Customs regulations and information for imports of household goods and personal effects.
- Original Passport
- Original Bill of Lading (OBL) / Air Waybill (AWB)
- Original Work Permit
- Packing list
- Form C-18 Declaration, signed by the shipper (Baggage Claim form)
- Detailed inventory
- PRO 1B (Diplomats)
- PRO 1A (Diplomats)
- The shipper must be present for Customs clearance.
- All shipments will be inspected by Customs.
- All cosmetics, toiletries, perfumes, alcohol, and foodstuffs will be subjected to radioactive analysis which will cost $30 per sample per item.
- Computers are not classified as personal effects and are subject to tax and duties.
- All wooden crates need (ISPM) No. 15 requirements.
- For non-Diplomats, the goods must have been owned for more than 1 year by the shipper and must be imported within 90 days after approval of the Work Permit.
- Documents must be received by agent 15 days prior to arrival in order for shipper’s employer to obtain the Duty-Free Exemption Certificate, if applicable (Diplomats).
- Diplomatic goods are not subject to inspection with an approved PRO 1B in place (Diplomats).
- The PRO 1A is required if importing alcohol and must be approved by the Ministry of Foreign Affairs (Diplomats).
- Diplomats must apply for exemption from duty and value-added tax (VAT) through the Ministry of Foreign Affairs in Kenya; the approval for the exemption can take several months.
- Returning residents must have lived abroad for more than 2 consecutive years and cannot have visited Kenya for a total of more than 90 days from the last date of entry in Kenya for dutyfree import; shipment must be imported within 3 months of entry date.
- For the duty-free importation of personal effects, the shipper must have owned the items for at least 1 year prior to import (returning residents).
- The shipper must not have visited Kenya for a total of more than 90 days in the last 2 years prior to his last date of entry in Kenya (returning residents)
- Original Passport
- Original Work Permit
- Personal Identification Number (PIN) Certificate
- Original Certificate of Registration / Logbook of the vehicle in English
- Import Declaration Form (IDF)
- Certificate of Conformity (COC)
- If a shipper wants to pay duties on the car, the following document will be required:
o Importer’s PIN Certificate
o Import Declaration Form (IDF) plus IDF charges to be paid (EUR 50)

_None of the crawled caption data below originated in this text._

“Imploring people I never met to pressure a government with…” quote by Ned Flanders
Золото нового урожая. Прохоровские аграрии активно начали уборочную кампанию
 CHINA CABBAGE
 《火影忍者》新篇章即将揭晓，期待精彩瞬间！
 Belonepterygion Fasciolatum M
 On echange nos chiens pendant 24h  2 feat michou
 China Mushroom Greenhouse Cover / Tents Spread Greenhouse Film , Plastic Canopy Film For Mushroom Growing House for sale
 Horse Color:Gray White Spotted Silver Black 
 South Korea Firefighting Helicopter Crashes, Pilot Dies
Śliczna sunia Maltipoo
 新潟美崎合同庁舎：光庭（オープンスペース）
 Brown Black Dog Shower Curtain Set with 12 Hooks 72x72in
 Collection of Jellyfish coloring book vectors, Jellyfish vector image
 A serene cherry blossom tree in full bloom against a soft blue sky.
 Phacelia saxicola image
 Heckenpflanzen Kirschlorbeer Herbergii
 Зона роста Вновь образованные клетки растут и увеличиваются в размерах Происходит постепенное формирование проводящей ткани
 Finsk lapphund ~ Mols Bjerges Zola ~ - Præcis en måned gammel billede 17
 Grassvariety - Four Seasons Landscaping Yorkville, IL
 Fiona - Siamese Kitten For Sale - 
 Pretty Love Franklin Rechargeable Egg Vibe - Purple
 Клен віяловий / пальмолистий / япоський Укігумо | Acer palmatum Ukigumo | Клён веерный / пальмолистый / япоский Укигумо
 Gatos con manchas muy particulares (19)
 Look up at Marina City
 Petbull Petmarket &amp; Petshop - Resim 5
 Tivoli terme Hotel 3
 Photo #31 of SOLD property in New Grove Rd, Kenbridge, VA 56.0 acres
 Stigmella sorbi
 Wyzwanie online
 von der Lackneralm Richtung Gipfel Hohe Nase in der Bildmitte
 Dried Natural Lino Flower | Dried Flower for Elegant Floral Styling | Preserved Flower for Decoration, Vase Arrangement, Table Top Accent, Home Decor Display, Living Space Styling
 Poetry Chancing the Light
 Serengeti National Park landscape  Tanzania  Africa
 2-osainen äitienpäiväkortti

o Purchase Invoice in English
o PRO 1B form approved by the Ministry of Foreign Affairs (Diplomats)
- Left-hand drive vehicles cannot be imported.
- Vehicles older than 8 years cannot be imported.
- A fee of EUR 120 for processing must be paid to Kenyan Customs.
- If the IDF is not available, a penalty of 15% of the cost, insurance, and freight (CIF) value of the car will be charged by the Kenyan Bureau of Standards (non-Diplomats and expatriates).
- The Certificate of Road Worthiness must be provided by the owner of the vehicle to the Kenya Bureau of Standards agent (JEVIC); it is required for a pre-inspection at origin to obtain the Certificate of Conformity (COC) for cars coming from Japan / Dubai Singapore / South Africa / UK (cars from origins than these can be inspected in Kenya by KBS for a fee of EUR 150).
- The OBL and AWB must show the details of the motor vehicle (e.g., chassis and engine numbers, make, model, color, etc.)
- The shipper must have owned the vehicle for at least 1 year for duty-free import or approximately 61% of taxes will be charged.
- All shipment documentation must be sent to the agent at least 1 month prior to shipment arrival to reduce the possibility of demurrage/storage charges.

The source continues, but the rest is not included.